AWS Certified Machine Learning Engineer – Associate (MLA-C01) — Question 197
An ML engineer is configuring auto scaling for an inference component of a model that runs behind an Amazon SageMaker AI endpoint. The ML engineer configures SageMaker AI auto scaling with a target tracking scaling policy set to 100 invocations per model per minute. The SageMaker AI endpoint scales appropriately during normal business hours. However, the ML engineer notices that at the start of each business day, there are zero instances available to handle requests, which causes delays in processing.
The ML engineer must ensure that the SageMaker AI endpoint can handle incoming requests at the start of each business day.
Which solution will meet this requirement?
Answer options
- A. Reduce the SageMaker AI auto scaling cooldown period to the minimum supported value. Add an auto scaling lifecycle hook to scale the SageMaker AI instances.

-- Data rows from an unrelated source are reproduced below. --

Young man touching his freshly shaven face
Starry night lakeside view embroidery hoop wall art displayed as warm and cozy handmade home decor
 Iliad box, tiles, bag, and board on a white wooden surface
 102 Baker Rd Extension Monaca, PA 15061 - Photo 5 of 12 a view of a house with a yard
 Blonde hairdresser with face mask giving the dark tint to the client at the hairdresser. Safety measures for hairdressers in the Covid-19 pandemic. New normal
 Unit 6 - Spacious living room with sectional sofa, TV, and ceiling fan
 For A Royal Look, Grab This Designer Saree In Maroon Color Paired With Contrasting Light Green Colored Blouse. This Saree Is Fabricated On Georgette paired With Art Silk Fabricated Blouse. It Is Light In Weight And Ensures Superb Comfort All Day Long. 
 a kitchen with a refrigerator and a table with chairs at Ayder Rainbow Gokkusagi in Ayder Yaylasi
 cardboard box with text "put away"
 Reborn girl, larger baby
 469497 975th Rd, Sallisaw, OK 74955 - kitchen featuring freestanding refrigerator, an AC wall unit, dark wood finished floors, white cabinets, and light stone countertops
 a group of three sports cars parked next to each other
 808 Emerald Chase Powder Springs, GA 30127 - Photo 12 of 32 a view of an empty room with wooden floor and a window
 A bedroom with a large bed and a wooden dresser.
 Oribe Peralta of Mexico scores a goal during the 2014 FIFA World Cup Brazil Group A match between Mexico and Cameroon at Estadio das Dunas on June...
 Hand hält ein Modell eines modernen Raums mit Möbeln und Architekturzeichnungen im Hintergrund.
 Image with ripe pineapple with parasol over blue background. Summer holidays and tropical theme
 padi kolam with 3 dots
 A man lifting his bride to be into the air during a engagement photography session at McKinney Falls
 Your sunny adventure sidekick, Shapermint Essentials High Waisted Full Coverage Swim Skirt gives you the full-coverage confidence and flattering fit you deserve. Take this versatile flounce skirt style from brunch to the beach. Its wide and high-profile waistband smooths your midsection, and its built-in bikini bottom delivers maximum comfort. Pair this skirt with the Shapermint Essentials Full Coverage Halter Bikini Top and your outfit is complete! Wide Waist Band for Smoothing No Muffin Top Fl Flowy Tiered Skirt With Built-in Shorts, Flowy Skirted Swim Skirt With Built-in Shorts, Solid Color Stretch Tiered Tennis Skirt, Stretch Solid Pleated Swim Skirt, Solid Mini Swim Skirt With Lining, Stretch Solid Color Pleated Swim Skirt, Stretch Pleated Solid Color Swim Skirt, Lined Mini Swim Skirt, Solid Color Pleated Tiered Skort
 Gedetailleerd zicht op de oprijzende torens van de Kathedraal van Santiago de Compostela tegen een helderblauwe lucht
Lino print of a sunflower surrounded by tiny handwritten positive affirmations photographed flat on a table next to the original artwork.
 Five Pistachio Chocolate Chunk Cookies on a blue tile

- B. Change the target metric to CPU utilization.
- C. Modify the scaling policy target value to one.
- D. Apply a step scaling policy that scales based on an Amazon CloudWatch alarm. Apply a second CloudWatch alarm and scaling policy to scale the minimum number of instances from zero to one at the start of each business day.
Correct answer: D
Explanation
Option D is correct because it ensures that at least one instance is available at the start of each business day, preventing delays. The other options either modify scaling parameters without addressing the zero instances issue or focus on different metrics that do not directly resolve the problem of initial capacity.